## WORK REQUEST
Output the records in full, exactly as given.

Data extracted from a collection
<<<<

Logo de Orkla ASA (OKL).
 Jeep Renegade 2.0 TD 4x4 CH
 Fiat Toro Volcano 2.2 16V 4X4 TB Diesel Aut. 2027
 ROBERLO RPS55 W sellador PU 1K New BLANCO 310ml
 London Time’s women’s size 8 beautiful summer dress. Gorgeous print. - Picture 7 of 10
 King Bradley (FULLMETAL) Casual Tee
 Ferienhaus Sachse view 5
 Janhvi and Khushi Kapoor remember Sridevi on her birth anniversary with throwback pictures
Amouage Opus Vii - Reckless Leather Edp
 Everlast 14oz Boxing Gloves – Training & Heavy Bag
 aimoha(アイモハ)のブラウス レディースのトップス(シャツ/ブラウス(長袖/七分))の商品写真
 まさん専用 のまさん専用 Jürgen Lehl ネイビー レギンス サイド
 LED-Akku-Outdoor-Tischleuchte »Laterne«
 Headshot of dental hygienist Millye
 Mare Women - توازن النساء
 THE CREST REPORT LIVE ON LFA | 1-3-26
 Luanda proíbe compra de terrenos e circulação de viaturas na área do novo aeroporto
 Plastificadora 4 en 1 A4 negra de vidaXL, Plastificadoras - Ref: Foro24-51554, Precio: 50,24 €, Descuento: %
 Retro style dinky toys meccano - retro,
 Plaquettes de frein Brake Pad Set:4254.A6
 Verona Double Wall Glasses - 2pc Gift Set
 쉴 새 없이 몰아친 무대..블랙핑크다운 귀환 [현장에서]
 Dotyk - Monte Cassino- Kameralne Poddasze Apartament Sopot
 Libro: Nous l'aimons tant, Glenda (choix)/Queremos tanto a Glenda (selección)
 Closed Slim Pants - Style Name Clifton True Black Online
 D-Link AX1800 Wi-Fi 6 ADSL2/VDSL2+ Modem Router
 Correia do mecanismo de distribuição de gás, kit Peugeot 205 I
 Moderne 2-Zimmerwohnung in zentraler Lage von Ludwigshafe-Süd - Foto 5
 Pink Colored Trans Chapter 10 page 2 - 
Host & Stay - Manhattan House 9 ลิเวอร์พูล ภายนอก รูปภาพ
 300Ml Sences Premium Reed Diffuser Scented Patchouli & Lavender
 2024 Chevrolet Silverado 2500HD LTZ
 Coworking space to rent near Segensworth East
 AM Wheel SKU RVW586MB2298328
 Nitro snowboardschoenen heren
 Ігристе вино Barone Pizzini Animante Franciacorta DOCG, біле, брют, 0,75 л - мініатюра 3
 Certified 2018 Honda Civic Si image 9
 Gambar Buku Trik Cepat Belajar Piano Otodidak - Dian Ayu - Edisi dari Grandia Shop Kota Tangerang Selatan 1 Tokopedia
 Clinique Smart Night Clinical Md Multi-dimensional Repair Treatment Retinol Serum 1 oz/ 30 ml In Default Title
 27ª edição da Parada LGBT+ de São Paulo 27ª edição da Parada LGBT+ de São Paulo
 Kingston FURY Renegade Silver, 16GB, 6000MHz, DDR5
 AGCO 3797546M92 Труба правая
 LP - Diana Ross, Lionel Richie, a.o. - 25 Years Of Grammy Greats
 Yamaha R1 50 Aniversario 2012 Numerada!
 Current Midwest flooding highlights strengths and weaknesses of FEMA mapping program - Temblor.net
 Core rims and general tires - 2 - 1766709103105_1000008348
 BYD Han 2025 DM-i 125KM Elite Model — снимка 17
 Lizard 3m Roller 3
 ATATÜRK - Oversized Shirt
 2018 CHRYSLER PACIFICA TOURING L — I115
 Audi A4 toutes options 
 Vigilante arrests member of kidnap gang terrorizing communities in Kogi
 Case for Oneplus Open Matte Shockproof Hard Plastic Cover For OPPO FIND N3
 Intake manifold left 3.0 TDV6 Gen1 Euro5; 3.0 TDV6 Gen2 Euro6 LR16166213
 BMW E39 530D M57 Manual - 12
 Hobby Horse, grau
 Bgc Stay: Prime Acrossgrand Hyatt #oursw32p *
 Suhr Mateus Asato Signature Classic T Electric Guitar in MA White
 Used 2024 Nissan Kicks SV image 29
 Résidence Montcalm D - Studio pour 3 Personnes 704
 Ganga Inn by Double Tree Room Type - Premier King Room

>>>>

## ANSWER FOR THE TASK
Logo de Orkla ASA (OKL).
 Jeep Renegade 2.0 TD 4x4 CH
 Fiat Toro Volcano 2.2 16V 4X4 TB Diesel Aut. 2027
 ROBERLO RPS55 W sellador PU 1K New BLANCO 310ml
 London Time’s women’s size 8 beautiful summer dress. Gorgeous print. - Picture 7 of 10
 King Bradley (FULLMETAL) Casual Tee
 Ferienhaus Sachse view 5
 Janhvi and Khushi Kapoor remember Sridevi on her birth anniversary with throwback pictures
Amouage Opus Vii - Reckless Leather Edp
 Everlast 14oz Boxing Gloves – Training & Heavy Bag
 aimoha(アイモハ)のブラウス レディースのトップス(シャツ/ブラウス(長袖/七分))の商品写真
 まさん専用 のまさん専用 Jürgen Lehl ネイビー レギンス サイド
 LED-Akku-Outdoor-Tischleuchte »Laterne«
 Headshot of dental hygienist Millye
 Mare Women - توازن النساء
 THE CREST REPORT LIVE ON LFA | 1-3-26
 Luanda proíbe compra de terrenos e circulação de viaturas na área do novo aeroporto
 Plastificadora 4 en 1 A4 negra de vidaXL, Plastificadoras - Ref: Foro24-51554, Precio: 50,24 €, Descuento: %
 Retro style dinky toys meccano - retro,
 Plaquettes de frein Brake Pad Set:4254.A6
 Verona Double Wall Glasses - 2pc Gift Set
 쉴 새 없이 몰아친 무대..블랙핑크다운 귀환 [현장에서]
 Dotyk - Monte Cassino- Kameralne Poddasze Apartament Sopot
 Libro: Nous l'aimons tant, Glenda (choix)/Queremos tanto a Glenda (selección)
 Closed Slim Pants - Style Name Clifton True Black Online
 D-Link AX1800 Wi-Fi 6 ADSL2/VDSL2+ Modem Router
 Correia do mecanismo de distribuição de gás, kit Peugeot 205 I
 Moderne 2-Zimmerwohnung in zentraler Lage von Ludwigshafe-Süd - Foto 5
 Pink Colored Trans Chapter 10 page 2 - 
Host & Stay - Manhattan House 9 ลิเวอร์พูล ภายนอก รูปภาพ
 300Ml Sences Premium Reed Diffuser Scented Patchouli & Lavender
 2024 Chevrolet Silverado 2500HD LTZ
 Coworking space to rent near Segensworth East
 AM Wheel SKU RVW586MB2298328
 Nitro snowboardschoenen heren
 Ігристе вино Barone Pizzini Animante Franciacorta DOCG, біле, брют, 0,75 л - мініатюра 3
 Certified 2018 Honda Civic Si image 9
 Gambar Buku Trik Cepat Belajar Piano Otodidak - Dian Ayu - Edisi dari Grandia Shop Kota Tangerang Selatan 1 Tokopedia
 Clinique Smart Night Clinical Md Multi-dimensional Repair Treatment Retinol Serum 1 oz/ 30 ml In Default Title
 27ª edição da Parada LGBT+ de São Paulo 27ª edição da Parada LGBT+ de São Paulo
 Kingston FURY Renegade Silver, 16GB, 6000MHz, DDR5
 AGCO 3797546M92 Труба правая
 LP - Diana Ross, Lionel Richie, a.o. - 25 Years Of Grammy Greats
 Yamaha R1 50 Aniversario 2012 Numerada!
 Current Midwest flooding highlights strengths and weaknesses of FEMA mapping program - Temblor.net
 Core rims and general tires - 2 - 1766709103105_1000008348
 BYD Han 2025 DM-i 125KM Elite Model — снимка 17
 Lizard 3m Roller 3
 ATATÜRK - Oversized Shirt
 2018 CHRYSLER PACIFICA TOURING L — I115
 Audi A4 toutes options 
 Vigilante arrests member of kidnap gang terrorizing communities in Kogi
 Case for Oneplus Open Matte Shockproof Hard Plastic Cover For OPPO FIND N3
 Intake manifold left 3.0 TDV6 Gen1 Euro5; 3.0 TDV6 Gen2 Euro6 LR16166213
 BMW E39 530D M57 Manual - 12
 Hobby Horse, grau
 Bgc Stay: Prime Acrossgrand Hyatt #oursw32p *
 Suhr Mateus Asato Signature Classic T Electric Guitar in MA White
 Used 2024 Nissan Kicks SV image 29
 Résidence Montcalm D - Studio pour 3 Personnes 704
 Ganga Inn by Double Tree Room Type - Premier King Room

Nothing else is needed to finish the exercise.